*** Recorded data ***

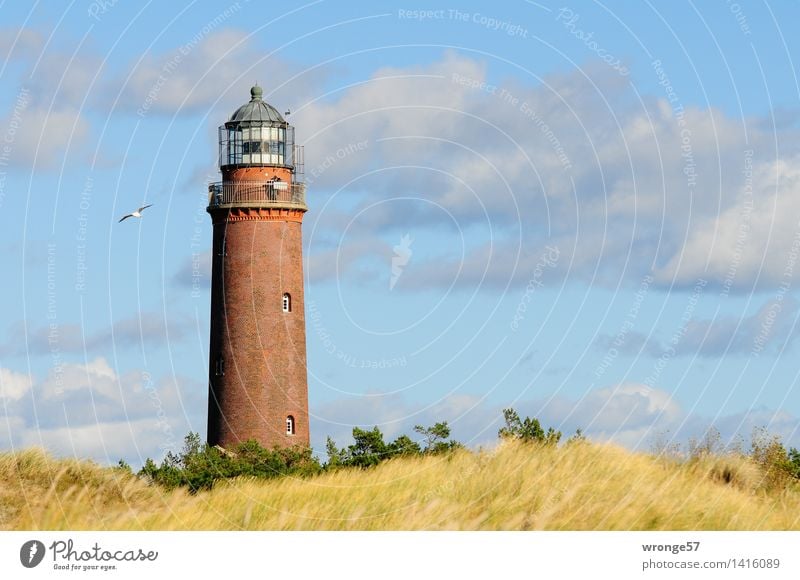 Leuchtturm Darßer Ort Küste Ostsee Düne Bauwerk Architektur Sehenswürdigkeit groß hoch blau braun mehrfarbig gelb grau grün Leuchtfeuer Seezeichen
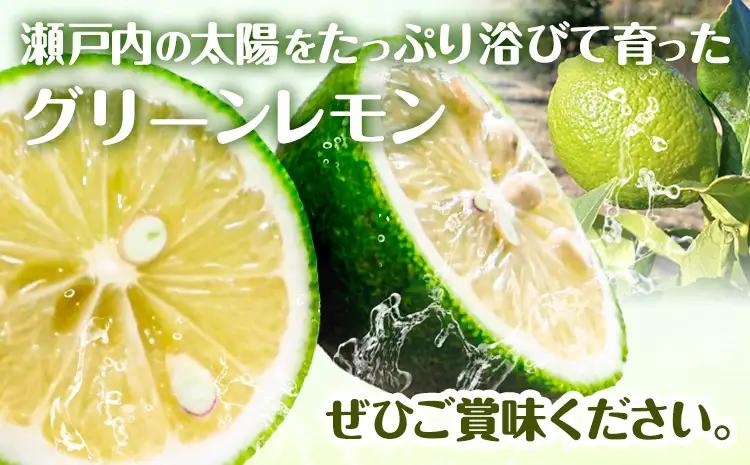 グリーン レモン 訳あり 5kg 三ツ山レモンファーム 檸檬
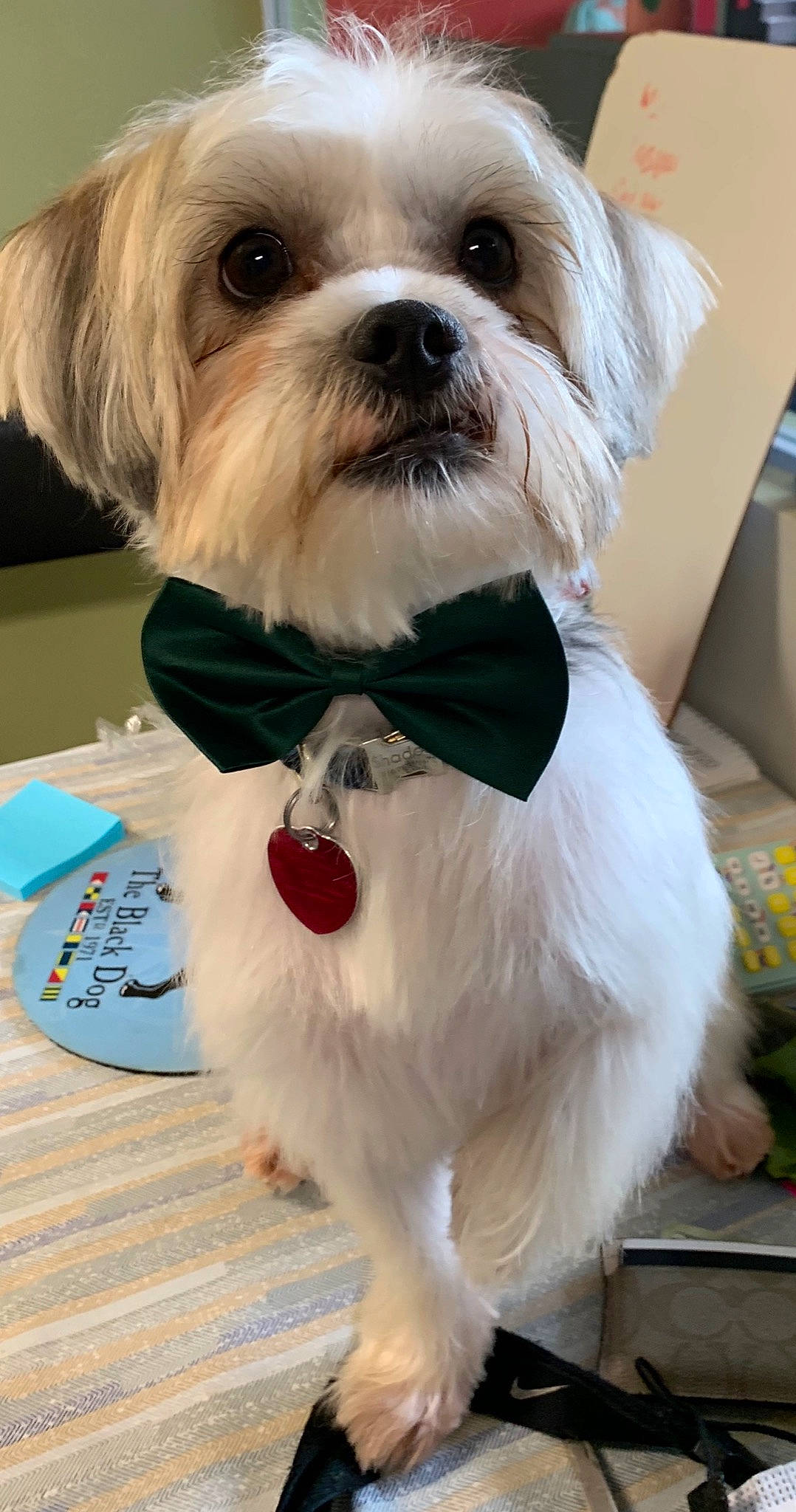 Shadow is registered to the contest to win money with this photo: canidae, carnivore, chinese_imperial_dog, companion_dog, dog, dog_breed, dog_clothes, lhasa_apso, lowchen, maltepoo, maltese, mammal, morkie, non_sporting_group, puppy, rare_breed_dog, shih_tzu, snout, toy_dog, vertebrate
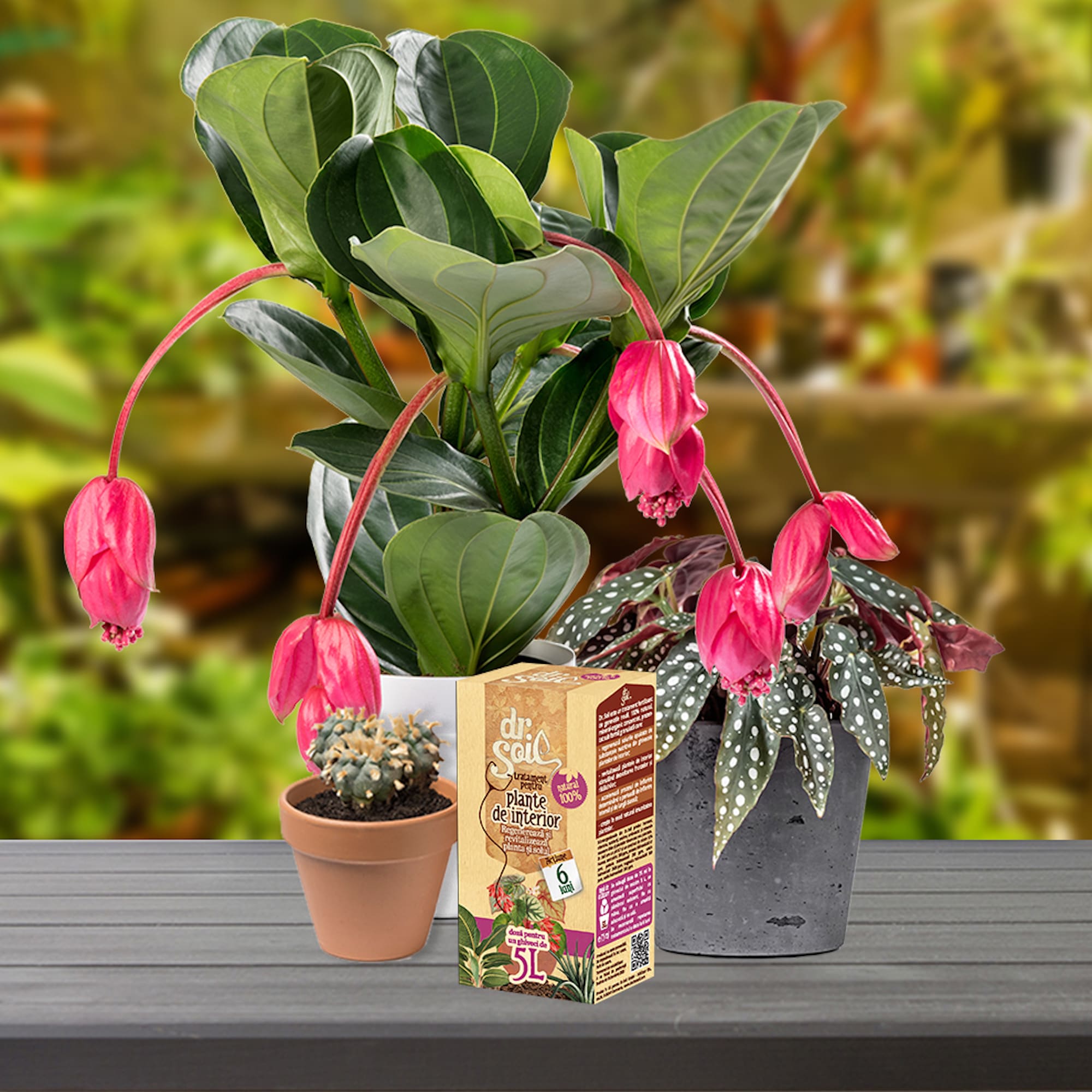 Tratament pentru plante de interior, 0.75 L  Dr. Soil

*** End of Recorded data ***

Activity = Take the line containing "グリーン レモン 訳あり 5kg 三ツ山レモンファーム 檸檬" as the first line and the last line of the data above as the final one, and output exactly the lines between them, inclusive, with no pictures.

Response to this exercise =
 グリーン レモン 訳あり 5kg 三ツ山レモンファーム 檸檬
 Shadow is registered to the contest to win money with this photo: canidae, carnivore, chinese_imperial_dog, companion_dog, dog, dog_breed, dog_clothes, lhasa_apso, lowchen, maltepoo, maltese, mammal, morkie, non_sporting_group, puppy, rare_breed_dog, shih_tzu, snout, toy_dog, vertebrate
 Tratament pentru plante de interior, 0.75 L  Dr. Soil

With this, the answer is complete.